Records supplied:
::::::
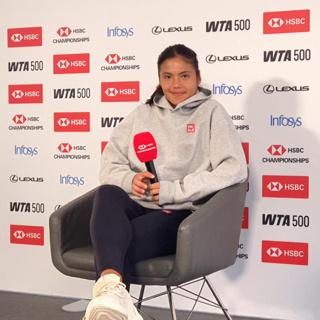 Emma Raducanu Interview | HSBC Queen's Club Championship 2026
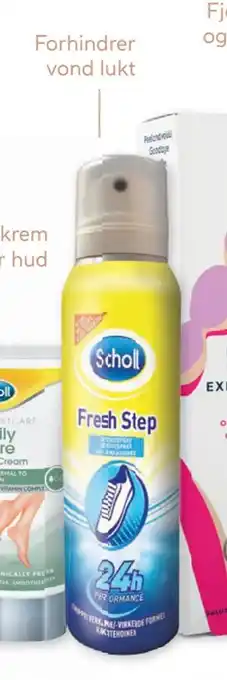 Vitusapotek Scholl fresh step deo skospray tilbud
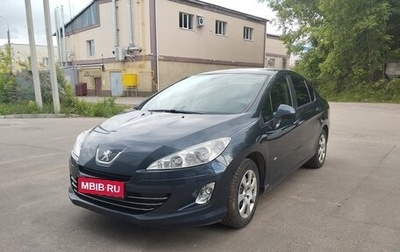 Peugeot 408 I рестайлинг, 2014 год, 570 000 рублей, 1 фотография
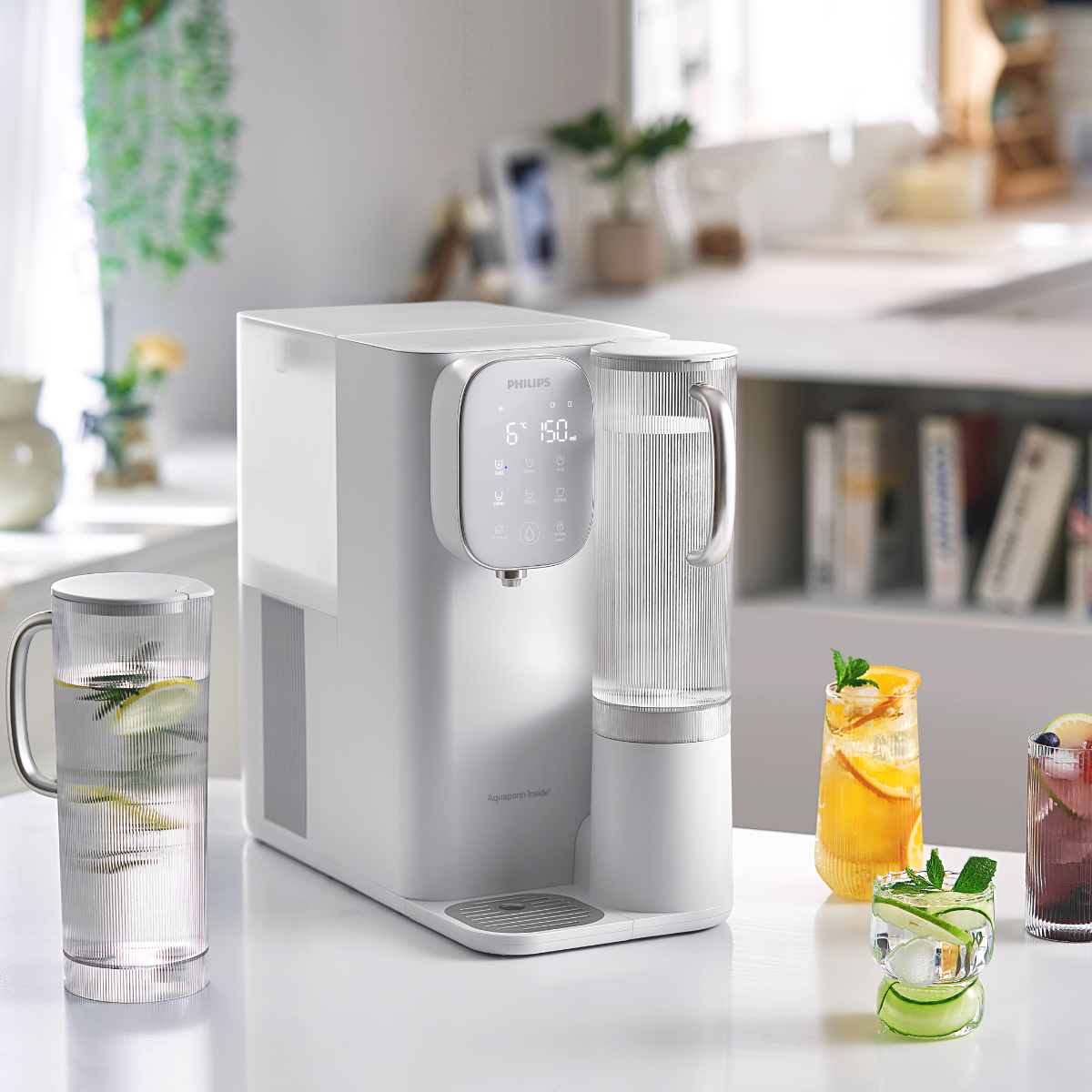 Máy Lọc Nước Để Bàn RO PHILIPS ADD6912, Lọc Nước Nóng và Lạnh, Công Nghệ  Aquaporin Inside®, Bảo Hành 24 Tháng | Shopee Việt Nam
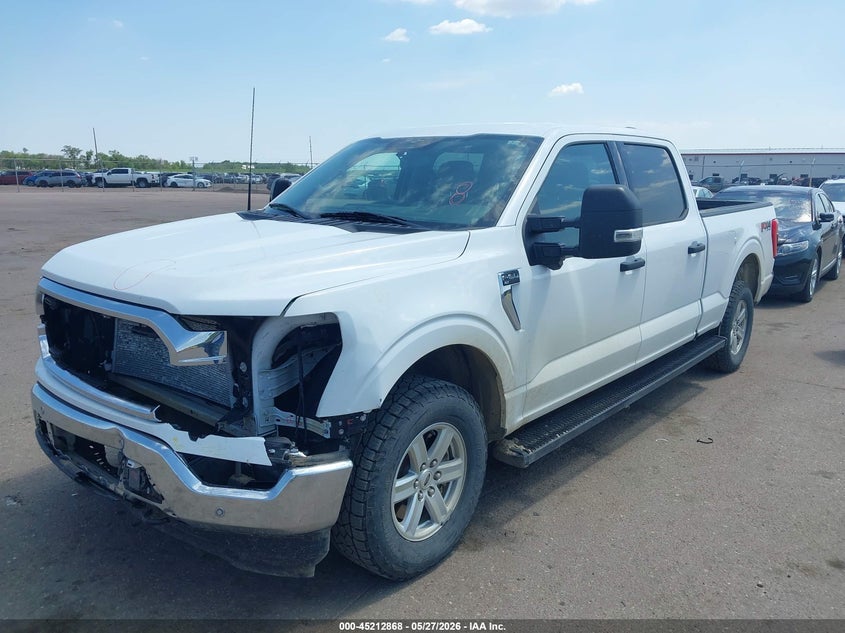 2023 Ford F-150 Xlt 1FTFW1E54PKE15906 photo 1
::::::
Prompt:
If an entry holds a picture, leave the picture out and repeat the rest exactly.

Response to this task:
 Emma Raducanu Interview | HSBC Queen's Club Championship 2026
 Vitusapotek Scholl fresh step deo skospray tilbud
 Peugeot 408 I рестайлинг, 2014 год, 570 000 рублей, 1 фотография
 Máy Lọc Nước Để Bàn RO PHILIPS ADD6912, Lọc Nước Nóng và Lạnh, Công Nghệ  Aquaporin Inside®, Bảo Hành 24 Tháng | Shopee Việt Nam
 2023 Ford F-150 Xlt 1FTFW1E54PKE15906 photo 1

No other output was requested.